Quase duas horas após o início da consulta,
Elias Xavier, renomado cirurgião da capital mineira, retira da gaveta dois
blocos de papel, sendo, um, de prescrição de medicamentos e outro, de pedido de
exames. No receituário, o médico prescreve algumas vitaminas e um ansiolítico
para diminuir a ansiedade. Na solicitação laboratorial, além dos exames de
praxe, Elias solicita, ainda, tipagem sanguínea, já que, José Vazio, perdera,
além da memória, o seu tipo de sangue. Terminada a anamnese, o médico convida
José Vazio e seu amigo de longa data, João Clemente, para tomarem assento à
mesa e o acompanharem num apetitoso lanche da tarde. A prosa rendera boas horas
regadas a pão de queijo, rosquinhas de nata, queijo fresco e um café adoçado
com rapadura. Mas José, como sempre,
Vazio.
O sol já se despedia da tarde quando João
Clemente e José Vazio cruzam a porteira de volta à fazenda. Ambos pareciam
frustrados. A verdade é que José esperava uma providência que não era cabível
ao médico: um milagre. João Clemente, por sua vez, voltara intrigado, porque
percebera que algo mudara no semblante do amigo depois de bater os olhos no seu
empregado. Mas, por outro lado, não fora, também, um dia totalmente perdido
para José, levando-se em conta algumas palavras de Elias que ainda martelavam
em sua cabeça: “sua memória não está morta, seu José; está perdida. Cabe ao
senhor, com muita calma, persistência e paciência, lembrar onde deixou cair
suas lembranças pelo caminho”, disse o médico durante a consulta.

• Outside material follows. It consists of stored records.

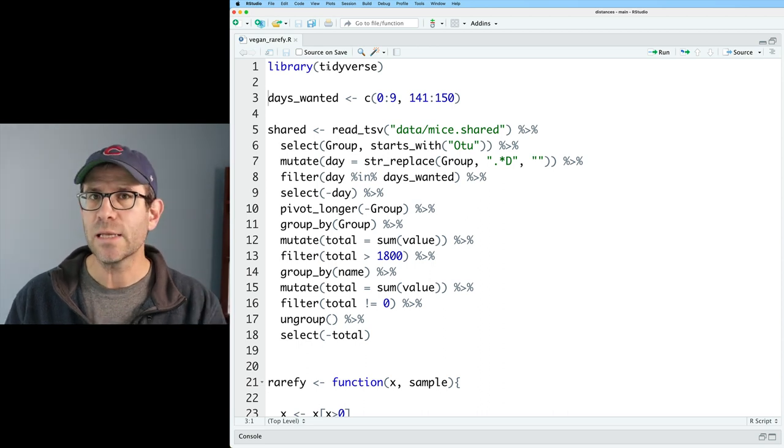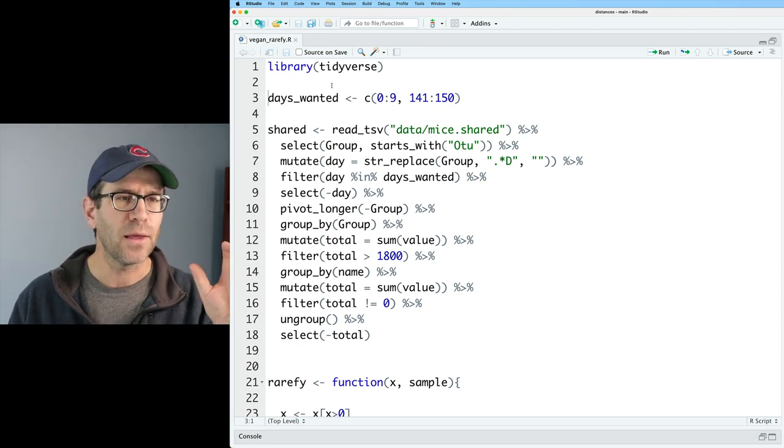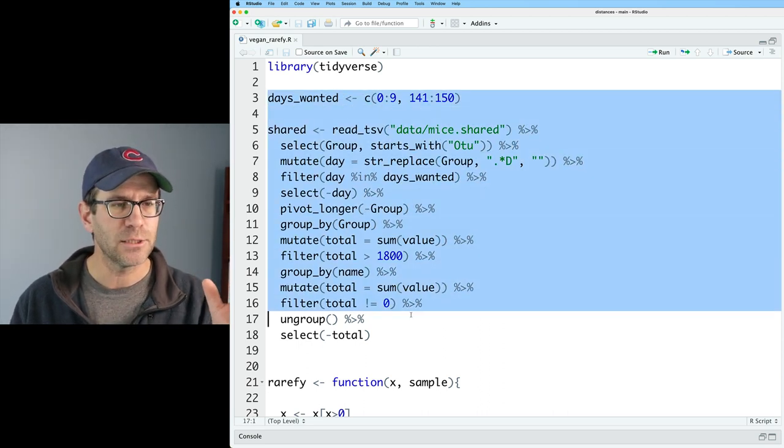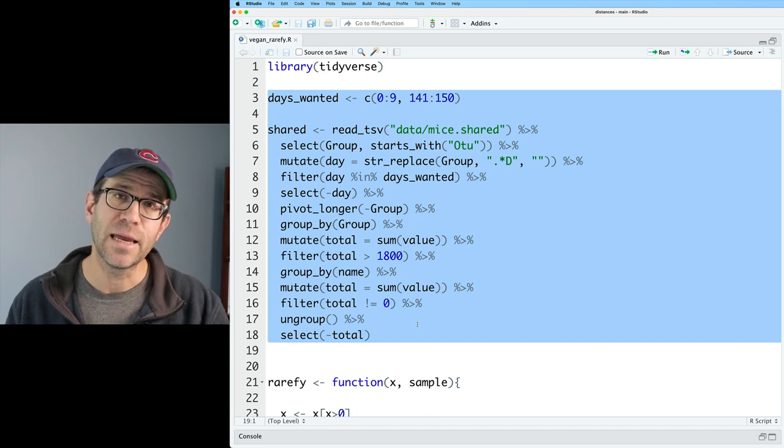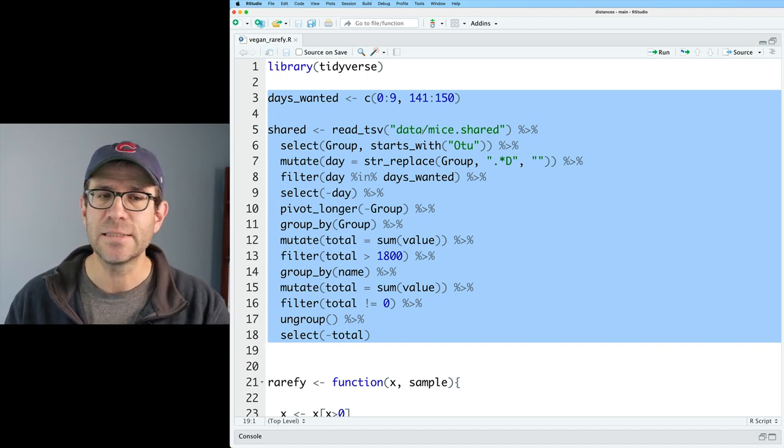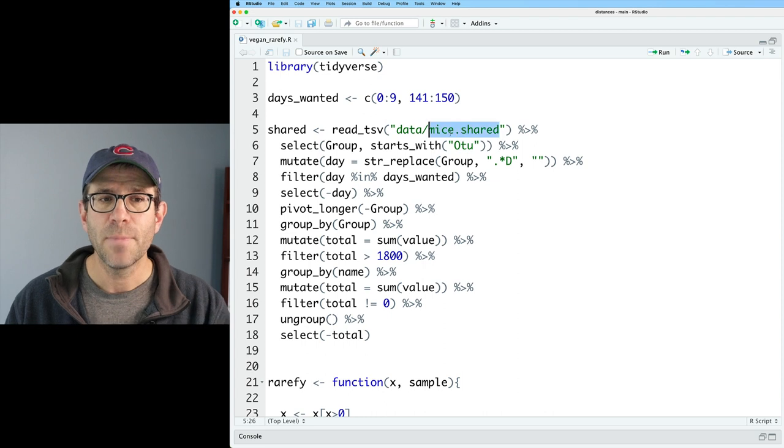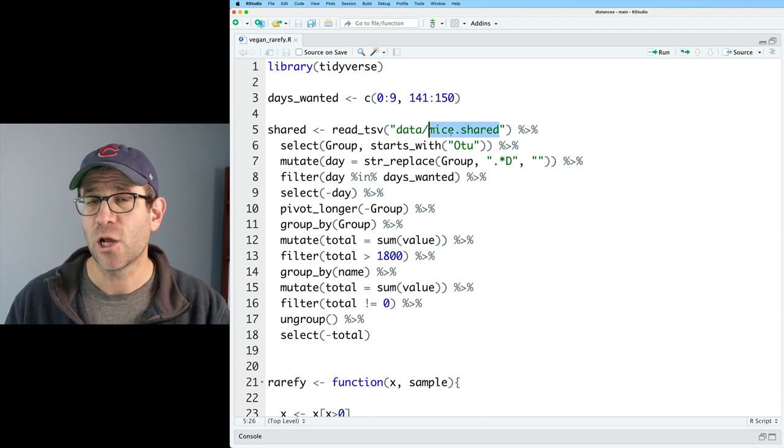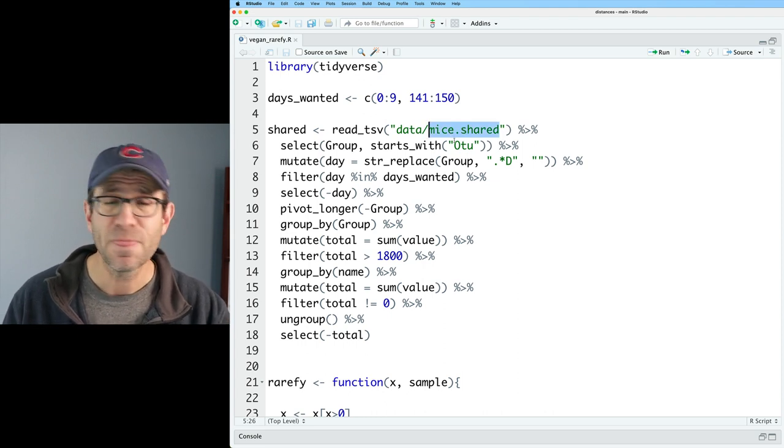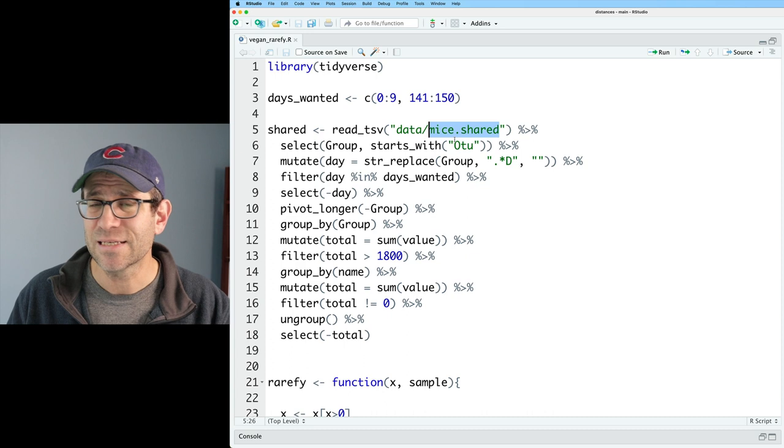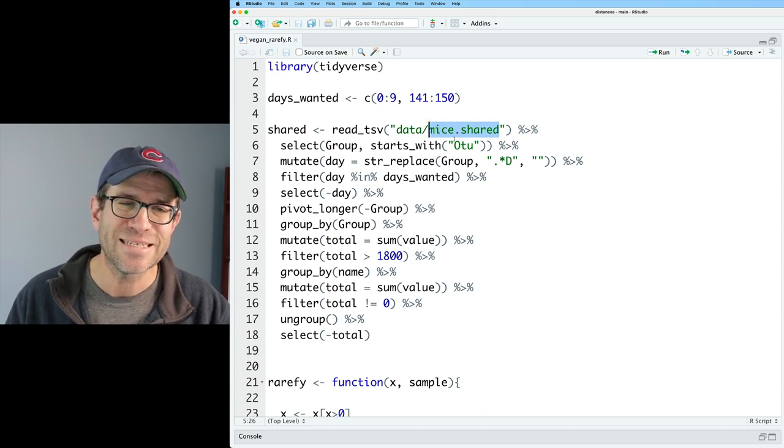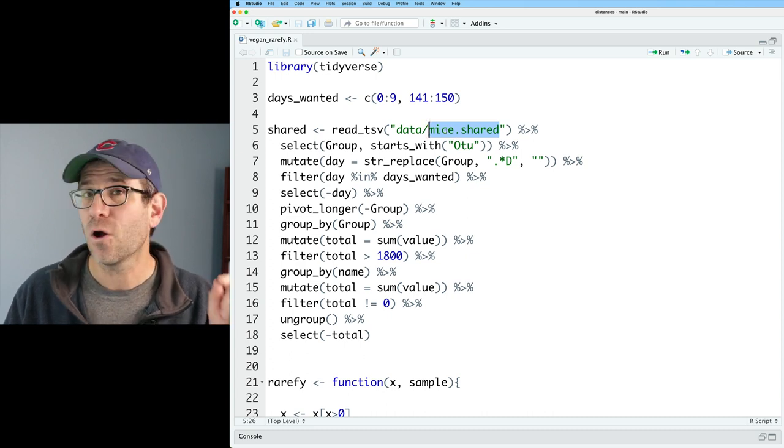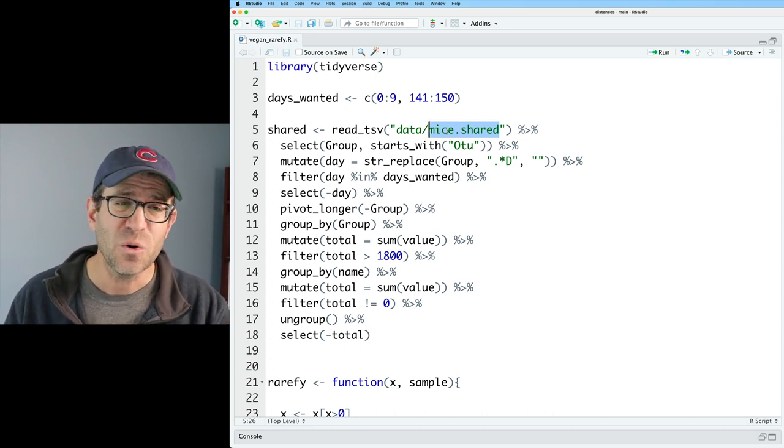So again, we read in the tidyverse tools and then there is this big chunk of code for reading in data from a file that's in data called mice.shared. Mice.shared was generated using a tool called mothur that's pretty specific to analyzing 16S ribosomal RNA gene sequences.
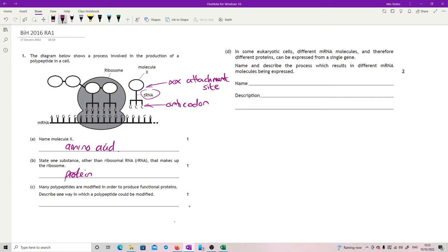Many polypeptides are modified in order to produce functional proteins. Describe one way in which a polypeptide could be modified. This you don't need to know anymore. This is out of the course content. Again, this is post-translational modification.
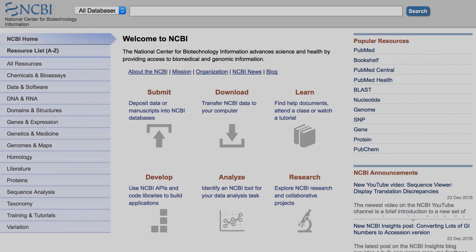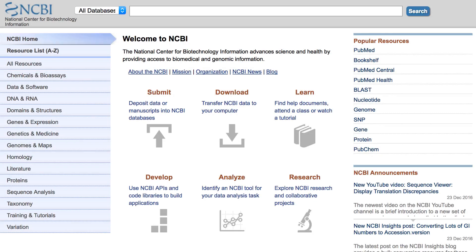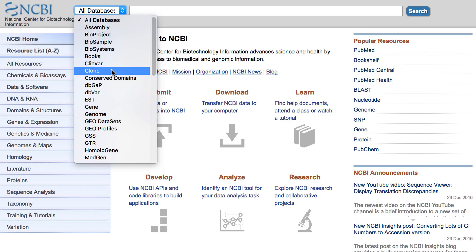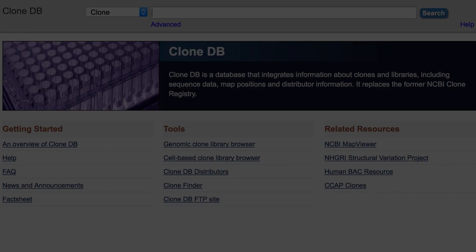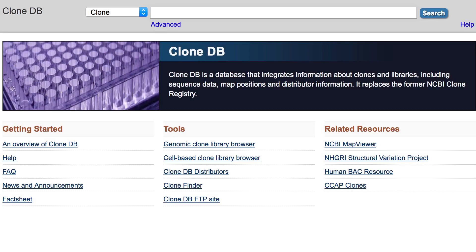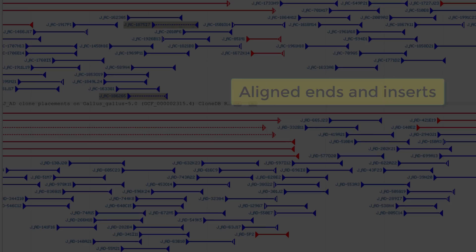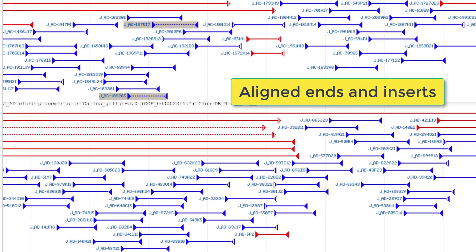I'll start on the NCBI homepage. To get to the CloneDB homepage, select Clone in the databases pull-down menu and click Search. If you want background on how CloneDB generates clone placements, see this FAQ. Very briefly, clone placements are created by aligning end and insert sequences on genome assemblies annotated at NCBI.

Noite alta ascendia estrelas no céu da fazenda
São José. Aos pés da Sagrada Família, dona Feliciana, reza preocupada o terço
costumeiro. O marido fora até São Roque para comprar os remédios de José Vazio
e não retornara. A ansiedade da esposa, porém, não era somente pela demora do
marido, mas porque recebera um telefonema que a deixara extremamente feliz, e,
o quanto antes, queria compartilhar a boa notícia com seu companheiro.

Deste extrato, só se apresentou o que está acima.